Tuesday, October 30, 2012

The Epicurious Cookbook by Tanya Steel and The Editors of Epicurious

Since I am a-bit-of-this and a-bit-of-that kind of cook, I especially appreciate recipes that leave room for improvisation and innovation, which is also why I like websites such as epicurious.com that allow for user comments and ratings. How exciting is it then to find out one of my favorite cooking sites just came out with a book! The Epicurious Cookbook is a book I can carry around the kitchen, scribble notes in, and dog-ear pages of favorite works-every-time recipes. I loved that the recipes are even divided up into seasons making use of what's available and freshest at the grocery store and farmer's market.  My kitchen was a hive of activity recently as hub and I got busy putting together and enjoying some delectable meals.

Here's what we made:

Wild Mushroom Pizza with Caramelized Onions, Fontina, and Rosemary - pg46

This was my favorite! For being such a simple looking pizza, it was incredibly delicious. The recipe is actually for several small pizzas but I made one large one. The wine I used for sautéing the mushrooms was sake. I imagine Pinot Grigio would work well here too, but sake was what we had on hand and lent just as tasty a wine flavour.

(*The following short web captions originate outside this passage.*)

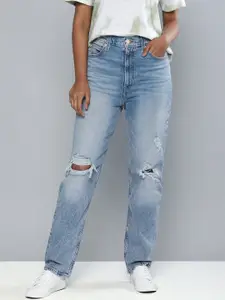Levis X Deepika Padukone Women Blue 70S Straight Fit High-Rise Ripped Stretchable Jeans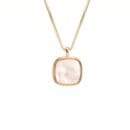 14K gold plated minimalist necklace featuring a square cushion-cut natural mother of pearl shell pendant on a delicate gold box chain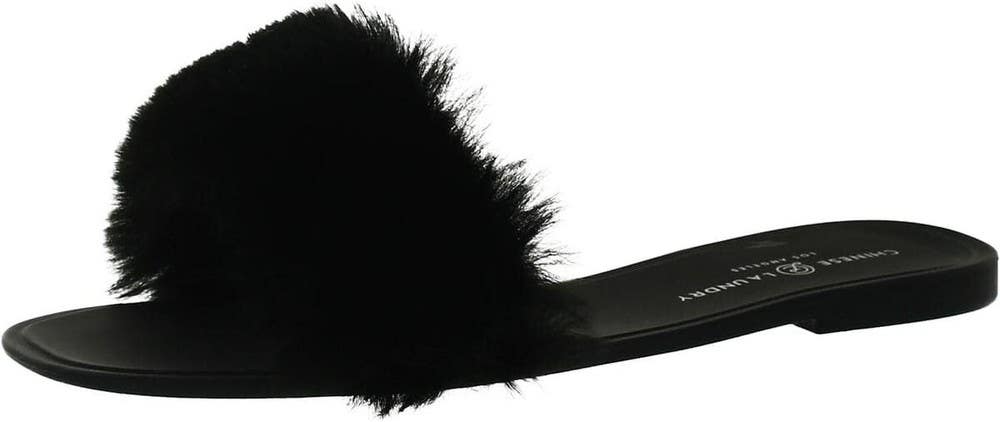 Chinese Laundry Women's Size US 7 Black Midnight Fur Flat Slide Sandals KHD713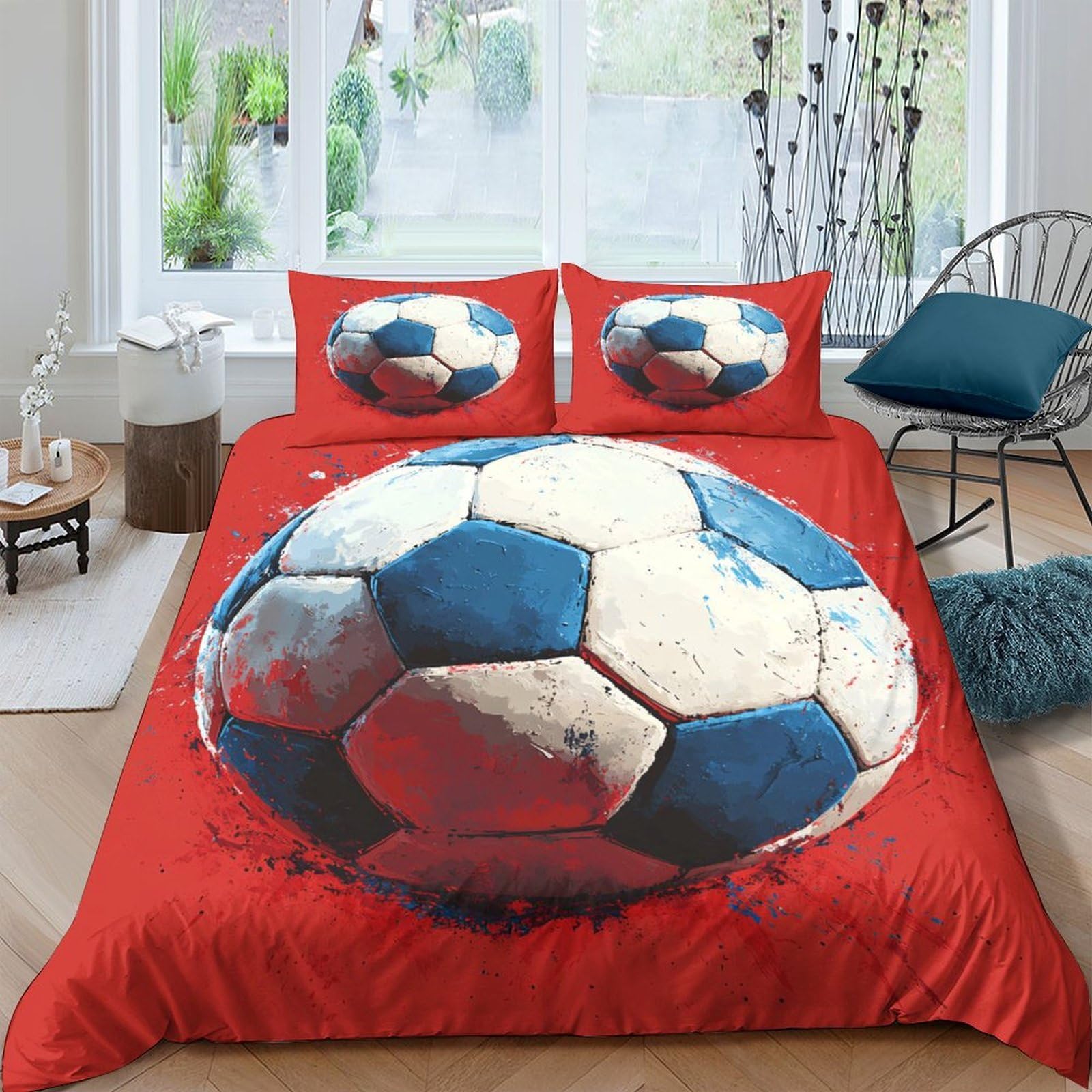 TUFRTGYHN 3D Printed Football Soccer Duvet Cover Microfiber Red Bedding Set with 2 Pillowcases for Bedroom Home Decor Single（135x200cm）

Caramelized onions already done and set aside and a pan full of sautéing chopped mushrooms.

The ingredients are assembled and ready to put into a hot oven.

Lunch! Along with the rest of the sake and a most delicious Pear, Arugula and Pancetta Salad pg324

Next we made Grilled Citrus Chicken under a Brick - pg144 only we didn't do a whole butterflied chicken as it says to do but rather boneless chicken breasts, adjusting the cooking time down accordingly. One of the alternatives suggested is to use a cast iron skillet instead of bricks, which we tried with great success! We heated the skillet over the coals first so that when they were placed on top of the chicken they would not only flatten the meat but also help cook it from on top. We also sautéd the marinade so it could glaze the finished chicken (picture) with lovely bits of citrus, herbs and garlic still intact.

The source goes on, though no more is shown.